Stuttgarter Nachrichten

Kickers ohne Rosen gegen Wuppertal

Stuttgart (bw) – In der dritten Fußball-Liga beginnt der Endspurt. Am 32. Spieltag empfangen die Stuttgarter Kickers morgen (14 Uhr) den Wuppertaler SV. Der VfB Stutt­gart II tritt bereits heute (19 Uhr) beim SV Sandhausen an.

Stuttgarter Kickers
Die Kickers hatten nur wenig Zeit zum Durchatmen. Drei Tage nach dem Nachholspiel (1:1) gegen Regensburg kämpft morgen im Tabellen-15. Wuppertal erneut ein direkter Konkurrent im Gazi-Stadion um Punkte im Abstiegskampf. Das unglückliche Remis ist abgehakt, die volle Konzentration gilt jetzt der nächsten Gelegenheit, die Aufholjagd zu starten.
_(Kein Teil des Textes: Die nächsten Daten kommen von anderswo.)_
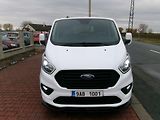 Ford Tourneo Custom (2022) 2,0TDCi L2H1 ZÁRUKA FORD  - náhled 1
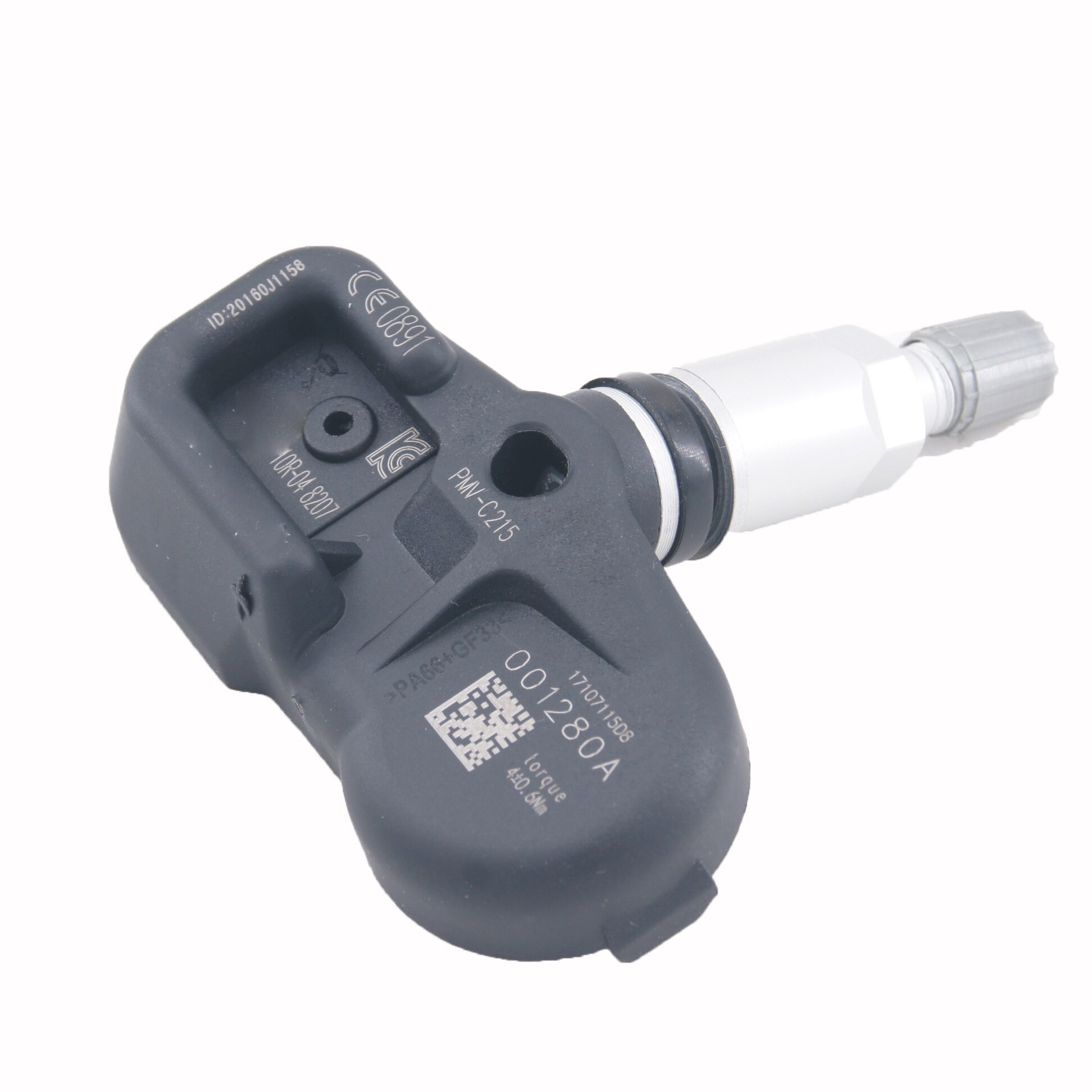 42607-F4020 Tire Pressure Sensor 433MHZ TPMS Fits For Toyota Land Cruiser For Prado C-HR Camry For Le-xus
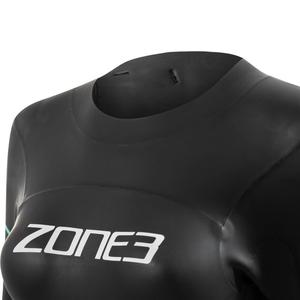Combinaison de triathlon femme Zone3 Agile image-2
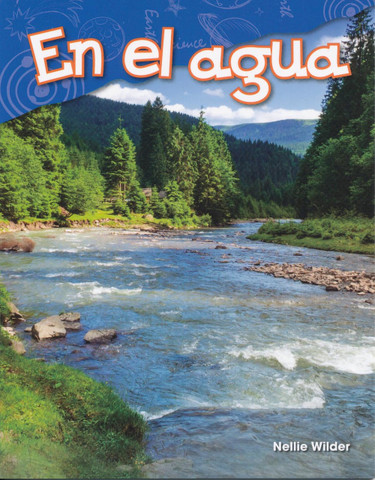 En el agua - On Water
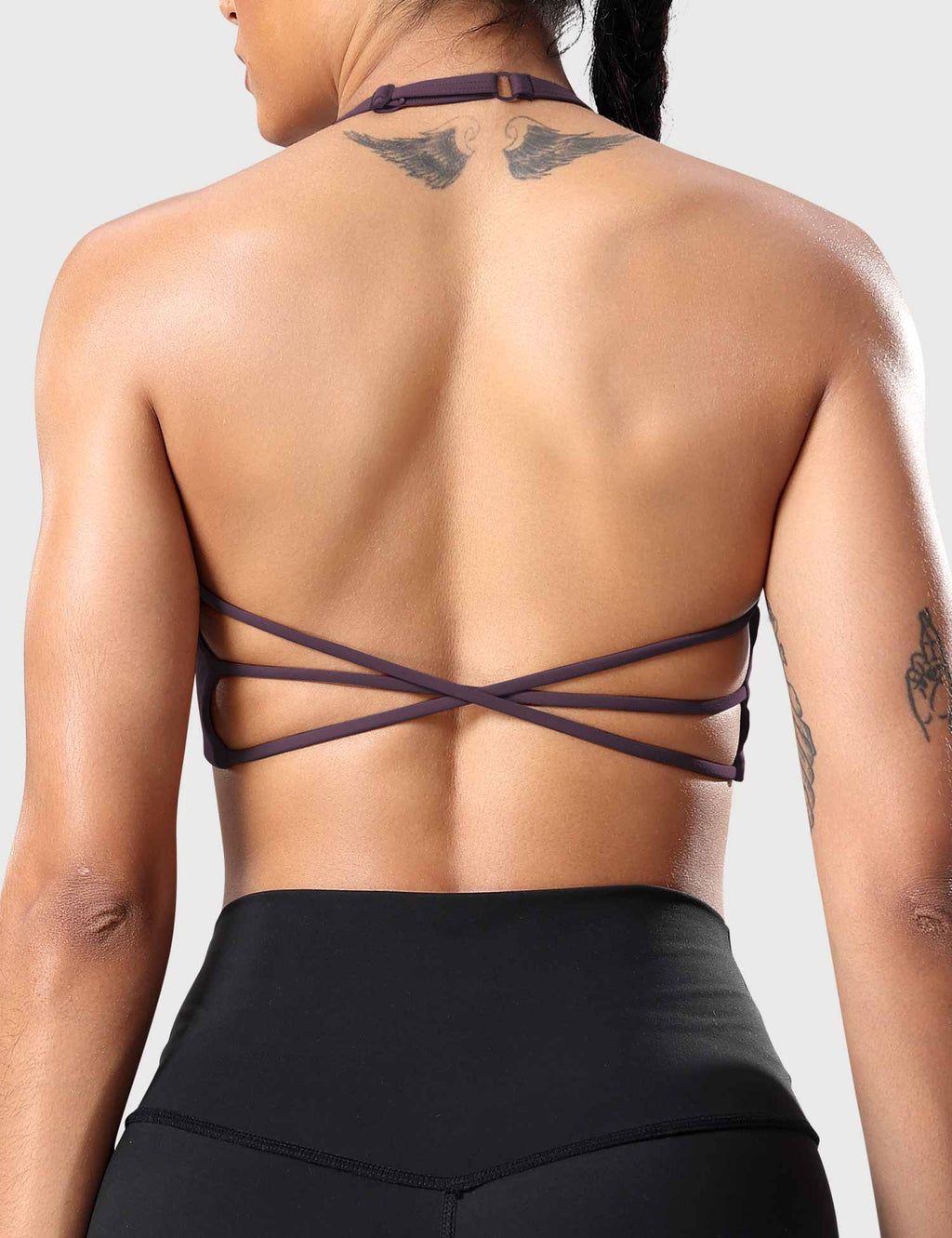 Brassière de sport Charly - AERLO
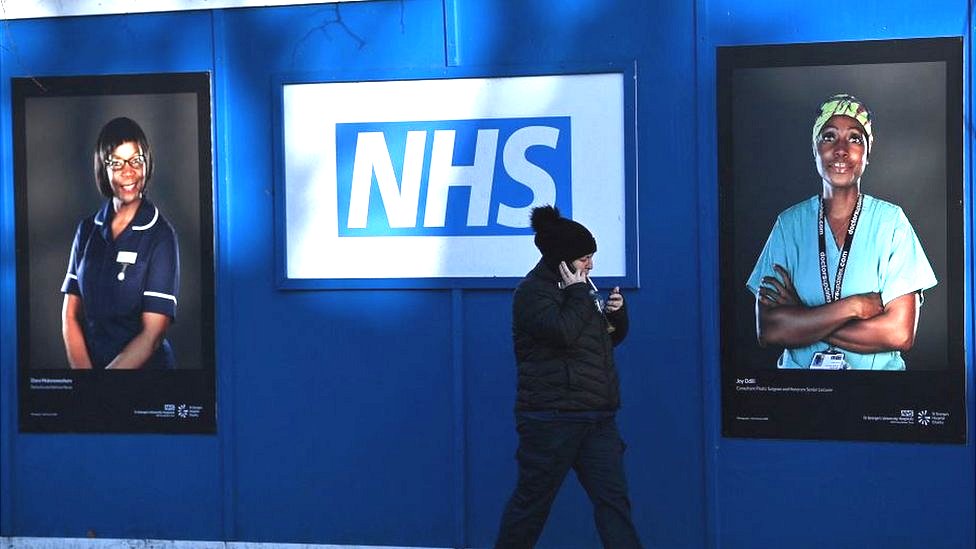 NHS IT supplier held to ransom by hackers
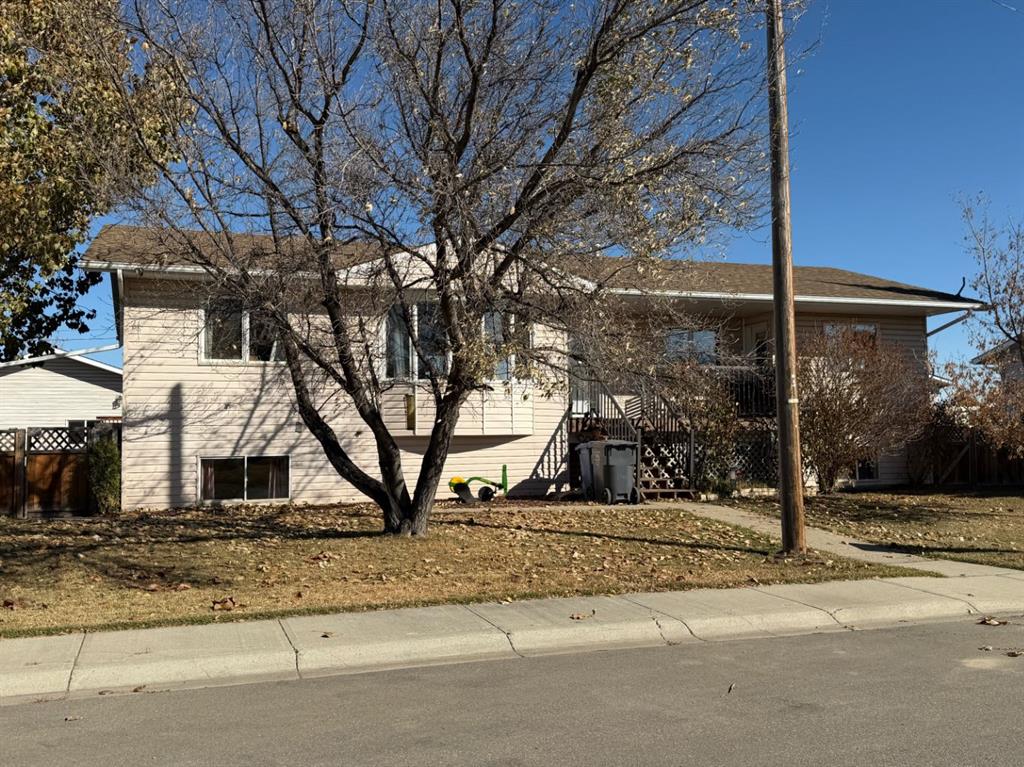 Fourth View of 426 9 Street , NONE, Beiseker, Alberta, T0M0G0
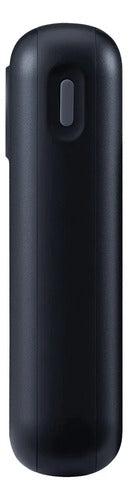 Cargador Portátil Adata Power Bank C10022, 10.000mah, Negro Negro
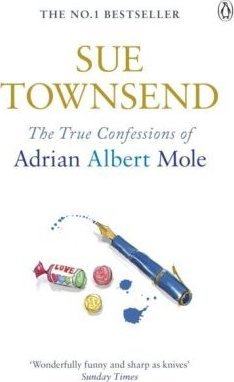 The True Confessions of Adrian Albert Mole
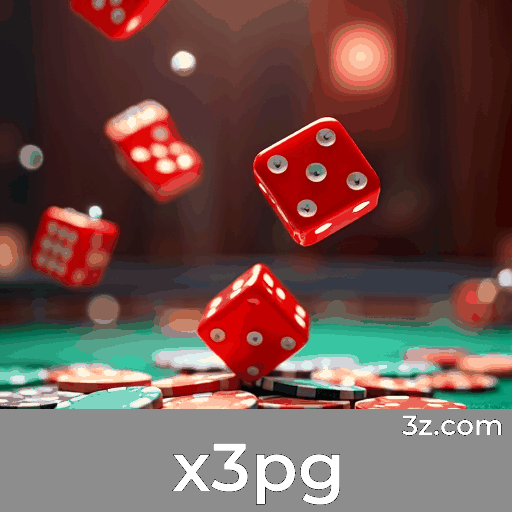 Cadastro na x3pg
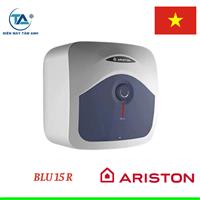 Bình nóng lạnh Ariston 15l vuông BLU 15R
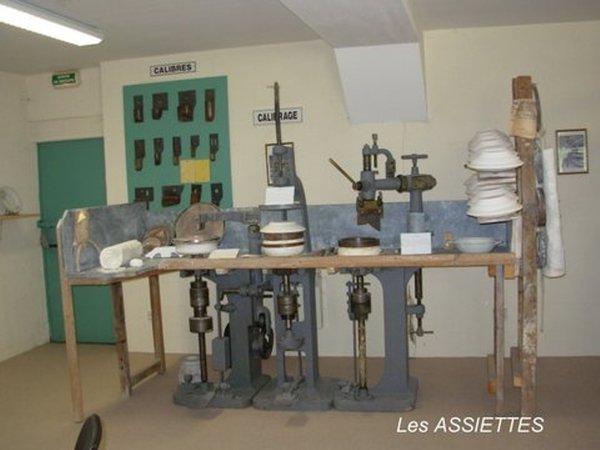 Musée de la Porcelaine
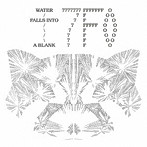7FO/Water Falls Into A Blank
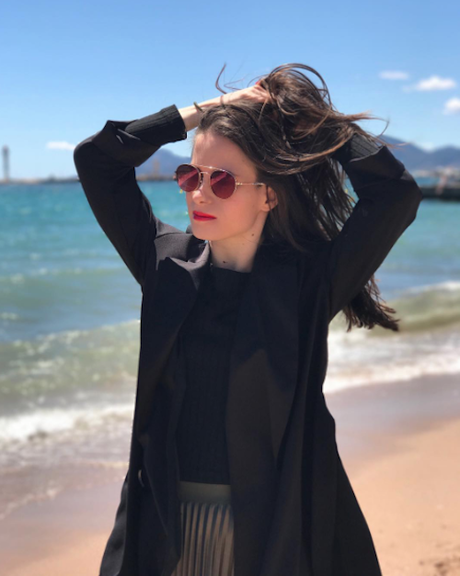 Summer Vibes & Etnia Barcelona Etnia Barcelona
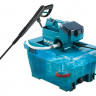 Аккумуляторная мойка высокого давления MAKITA DHW080ZK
Nur noch sieben Spiele bleiben dem Tabellenschlusslicht, um in die Nichtabstiegszone zu klettern, die momentan sieben Punkte entfernt ist. „Wenn wir gegen Wuppertal gewinnen, dann kann noch alles passieren“, hofft der neue Coach Rainer Kraft auch auf einen Schub fürs Selbstvertrauen. Verzichten muss er morgen auf Kapitän Alexander Rosen. Der Mittelfeldspieler, der gegen Regensburg in der 60. Minute angeschlagen ausgewechselt wurde, laboriert an einer Reizung der Achillessehne und muss einige Tage pausieren. Entwarnung gab es dagegen bei Manuel Salz. Der Torhüter war am Mittwoch vor dem Ausgleich vom Ball im Gesicht getroffen worden. Im Krankenhaus wurde nur eine Prellung diagnostiziert, sodass Salz bereits gestern wieder am Training teilnehmen konnte und gegen Wuppertal zwischen den Pfosten steht. Und auch Moritz Steinle kehrt nach auskurierter Gehirnerschütterung in die Startformation zurück.

So wollen sie spielen: Salz – Steinle, Mann, Traub, Gentner – Traut, Gambo, Parmak, Ivanusa – Schürg, Galm.